One of my many income streams is the repair of radio and electronic equipment, and any interferrence from my mains supply would render my workshop useless.. To get an "RF quiet" inverter is difficult, as the EMI filtering is the very first thing left out as a design cost cutting measure. It cannot be added retrospectively.
Most inverters use the "high frequency" approach, where the low voltage DC is chopped at a high frequency to AC, rectified to high voltage DC, then chopped again at 50/60 cycles into  some pretence of an AC  sine wave.
These are cheaper to manufacture and have a fairly small footprint, the high frequencies mean smaller transformers.
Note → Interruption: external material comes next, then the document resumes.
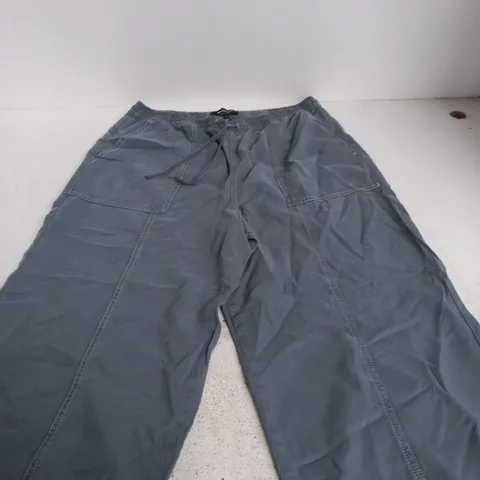WHISTLES COTTON TROUSERS β UK 14 (EU 42) β DESIGNED IN LONDON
The better type are called "low frequency "inverters, where the initial voltage step up is done at the same frequency as the mains output. These are very much quieter, and use less components as everything is done in one conversion stage, but these require large transformers, lots of copper, lots of iron, therefore more expensive..... but very reliable,  the low frequencies minimise commutating losses , less stress in the semiconductors. These are the RFI friendly ones.
Chopping DC using square waves  to do a voltage conversion  creates harmonics.
50/60 Hz harmonics are unlikely to cause issues above the 4th/5th, or a few hundred Hz at low to medium power levels.
High Frequency chopper harmonics extend well into the HF bands, and the house wiring acts as a very efficient radiator/aerial/antenna, transmitting RFI and hash.for many hundreds of meters. 
i have had a good run  with  the Australian SELECTRONIC brand, my two are  low frequency types . are over 20 years old and have  never failed despite running 24/7.  This company still appears to be  in business, but unsure of what design the later offerings use, but there is bound to be other manufacturers using this approach.
To increase reliability with the generic Chinese cheapies, my advice is to divide the building into many self contained circuits, and use a multitude of smaller inverters to run each section independently. Small inverters are cheaper to buy, they tend to die with dignity, generally they just stop working , rather than dramatically catching fire as the bigger ones do, and they will never all fail at once.
But, your gunna be stuck with the RFI problem using these..
Buying expensive inverter equipment is rather like buying expensive power tools, its a great thing at the time, but years down the track, they have become a discontinued model, and either parts are unavailable, Hitachi are very good at this, or the manufacturer has gone out of business.
The smaller Chinese inverters, 300 watts or so will run lights and small appliances well, and will generally last 2/3 years. They hate inductive loads, this is what kills them, voltage spikes caused by poor regulation. The lF types with their big transformers soak up these spikes by virtue of the high inductance between the load and the semiconductors.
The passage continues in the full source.